Kecenderungan apa yang mereka kerjakan setiap hari, maka itu profesinya. Itu pun kadang masih tidak jelas. Karena predikat sama halnya seperti identitas. Sedangkan identitas adalah tanggungjawab. Perilaku orang yang dikenai identitas harus sama dengan nilai-nilai yang terkandung di identitas itu dan sudah terhubung langsung oleh masyarakat.
Justru yang menjadi menarik adalah soal proses kreatifitas Cak Nun tadi. Mengapa? Di rana belajar sastra, ada banyak orang belajar sastra melalui berbagai sisi. Baik dari akademisi, komunitas, organisasi, kecintaan dunia baca, kehidupan, dan sebagainya. Dari masing-masing sisi itu memunculkan berbagai perbedaan.
Cak Nun adalah salah satu orang yang belajar sastra dari sekup kehidupan. Bersama komunitas dan gurunya Umbu Landu Paranggi, ia belajar sastra sekaligus menyubstansikan sastra melalui perjalanan hidupnya. Kepintarannya dalam menghubung-hubungkan banyak dimensi, membuat ia bisa menarik simpulan dari apa yang dihubungkan, kemudian ditransformasikan menjadi nilai dasar hidupnya.
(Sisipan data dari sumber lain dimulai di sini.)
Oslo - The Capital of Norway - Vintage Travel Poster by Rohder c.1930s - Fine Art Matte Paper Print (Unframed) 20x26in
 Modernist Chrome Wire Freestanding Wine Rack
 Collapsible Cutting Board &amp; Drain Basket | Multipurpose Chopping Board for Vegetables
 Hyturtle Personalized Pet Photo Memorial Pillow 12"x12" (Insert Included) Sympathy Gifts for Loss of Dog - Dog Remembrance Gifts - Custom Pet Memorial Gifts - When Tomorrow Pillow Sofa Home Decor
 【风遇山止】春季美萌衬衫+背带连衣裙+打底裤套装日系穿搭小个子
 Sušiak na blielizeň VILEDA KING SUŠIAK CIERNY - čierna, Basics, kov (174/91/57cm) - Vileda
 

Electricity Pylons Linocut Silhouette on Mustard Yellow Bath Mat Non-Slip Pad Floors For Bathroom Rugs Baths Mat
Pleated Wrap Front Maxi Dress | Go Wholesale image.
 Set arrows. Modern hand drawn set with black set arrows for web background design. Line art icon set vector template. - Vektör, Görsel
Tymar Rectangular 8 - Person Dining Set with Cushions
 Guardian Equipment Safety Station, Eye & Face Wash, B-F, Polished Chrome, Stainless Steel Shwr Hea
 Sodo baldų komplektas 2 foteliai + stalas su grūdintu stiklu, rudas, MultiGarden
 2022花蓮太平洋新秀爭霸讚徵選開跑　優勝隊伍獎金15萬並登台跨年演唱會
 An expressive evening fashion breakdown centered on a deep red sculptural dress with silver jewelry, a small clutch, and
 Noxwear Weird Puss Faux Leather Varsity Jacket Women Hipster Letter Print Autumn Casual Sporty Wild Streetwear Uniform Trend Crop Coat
Misalnya, apa pentingnya manusia belajar sastra? Bagaimana pengaruh sastra dalam proses kehidupan manusia? Bagaimana sastra memengaruhi perjalanan spiritualitas manusia?
Sehingga ia tak pernah risau soal polemik sastra, karena sibuk memproseskan diri dalam sastra. Ada atau tidak adanya puisi esai atau genre-genre lain itu tak jadi soal. Sebab yang terpenting bukan puisi esainya, melainkan tujuan kenapa puisi itu dilahirkan dan apa makna yang terkandung di dalamnya.
Mengingat kembali sekitar tahun 80-an, melalui bukunya "Sastra yang Membebaskan" Emha atau Cak Nun menegaskan kembali bahwa narasi sastra harus melek sosial. Sastra tidak boleh berkutat hanya soal estetika keindahan saja. Sastra harus hadir di tengah masyarakat, menemani tumpukan masalah mereka yang terus-menerus ada.
Hal itu dibuktikan dengan musik puisi yang pernah dibawa bersama grup musiknya. Ia memperkenalkan puisi kepada masyarakat lewat lagu. Sekaligus menghadirkan puisi di dalam masalah-masalah yang dihadapi masyarakat. Dan itu sudah dilakukan di mana-mana, di banyak tempat. Misalnya waktu Cak Nun bersama Gusdur, Romo Mangun, dan aktivis lainnya membantu masyarakat yang terkucilkan karena pembangun waduk Kedung Ombo.
Pergulatan sastra itu biasa ada. Bukan hanya pada sastra. Tidak menutup kemungkinan di bidang lain juga ada. Cuma, hal yang paling penting adalah bagaimana sastra bisa dimengerti masyarakat. Sastra bisa hadir menemani masyarakat. Bukan hanya soal karya, tetapi bagaimana mengolah empati, simpati, prihatin, dan apresiasi dalam diri ini menjadi manfaat. Apapun namanya, selama tidak berimbas baik ke masyarakat, sastra hanya wujud tanpa ruh. Itu yang perlu diperjuangkan sama-sama.
Sama halnya seperti yang pernah dikatakan Seno Gumira Ajidarma, sastra tidak dikenal masyarakat atau pembaca karena para penulis yang enggan mengenalkan sastra kepada para masyarakat, khususnya masyarakat pembaca. Itu pula yang akan merembet pada minimnya budaya literasi Indonesia.
Lalu bagaimana manfaat kehadiran puisi esai itu? Apa hanya sekadar program popularitas atau program politisasi sastra untuk mengangkat identitas satu kenamaan saja?